▼▼▼

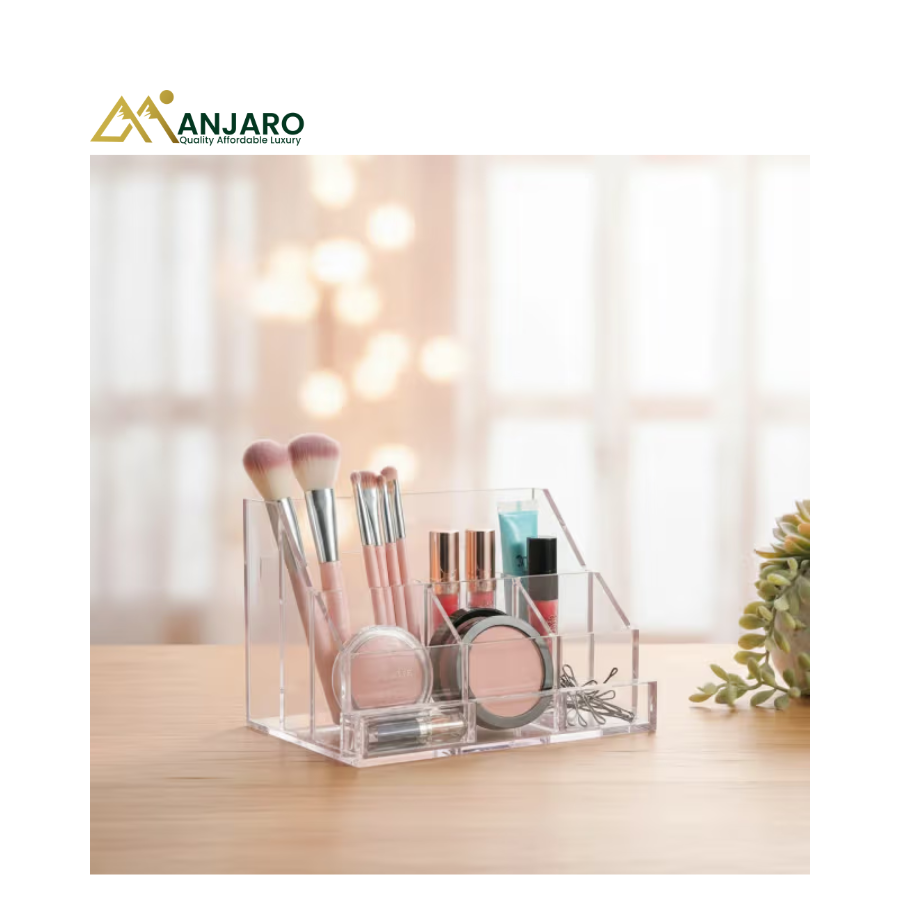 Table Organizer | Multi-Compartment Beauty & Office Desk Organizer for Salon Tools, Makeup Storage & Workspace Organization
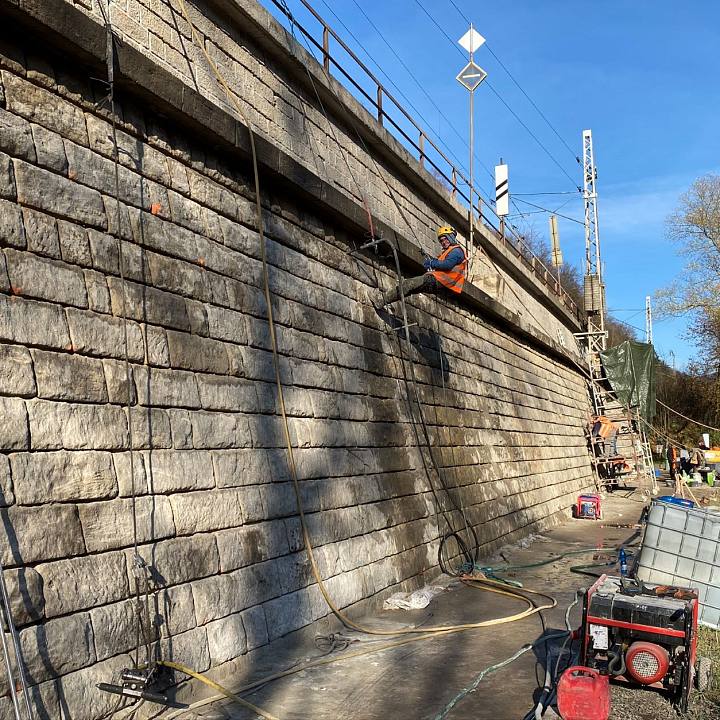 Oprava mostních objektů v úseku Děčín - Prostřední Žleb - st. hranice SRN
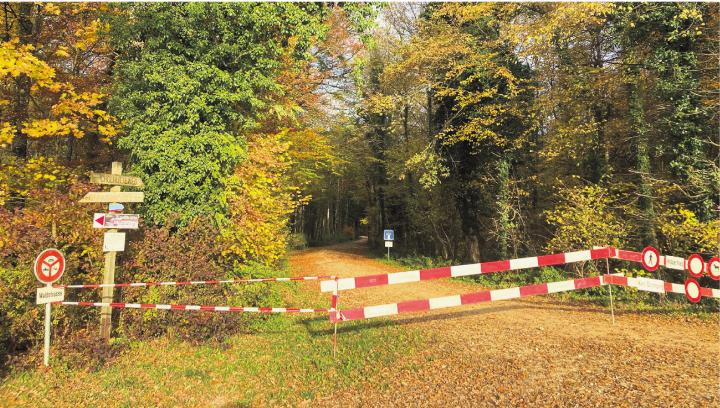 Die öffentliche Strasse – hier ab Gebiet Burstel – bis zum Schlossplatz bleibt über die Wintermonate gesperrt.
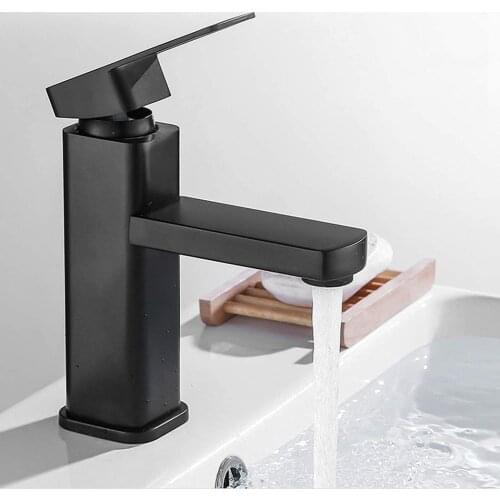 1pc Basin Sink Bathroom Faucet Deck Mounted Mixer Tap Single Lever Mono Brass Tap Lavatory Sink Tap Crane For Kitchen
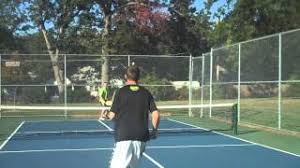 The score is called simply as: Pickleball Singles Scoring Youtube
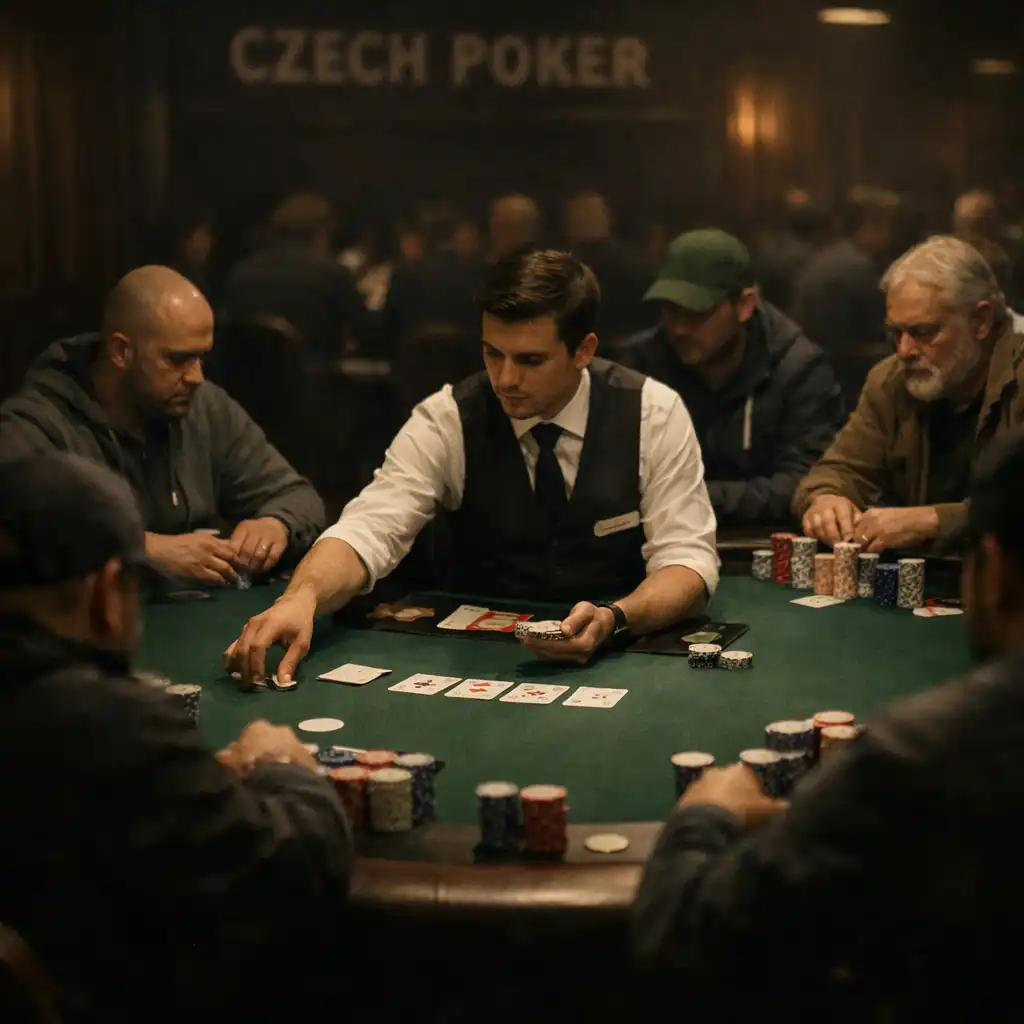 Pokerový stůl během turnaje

▲▲▲

** EXERCISE AIM **
Restate word for word the lines from the one holding "Die öffentliche Strasse" down through the last line of the records above, and do not include the pictures.

** WORKED SOLUTION **
 Die öffentliche Strasse – hier ab Gebiet Burstel – bis zum Schlossplatz bleibt über die Wintermonate gesperrt.
 1pc Basin Sink Bathroom Faucet Deck Mounted Mixer Tap Single Lever Mono Brass Tap Lavatory Sink Tap Crane For Kitchen
 The score is called simply as: Pickleball Singles Scoring Youtube
 Pokerový stůl během turnaje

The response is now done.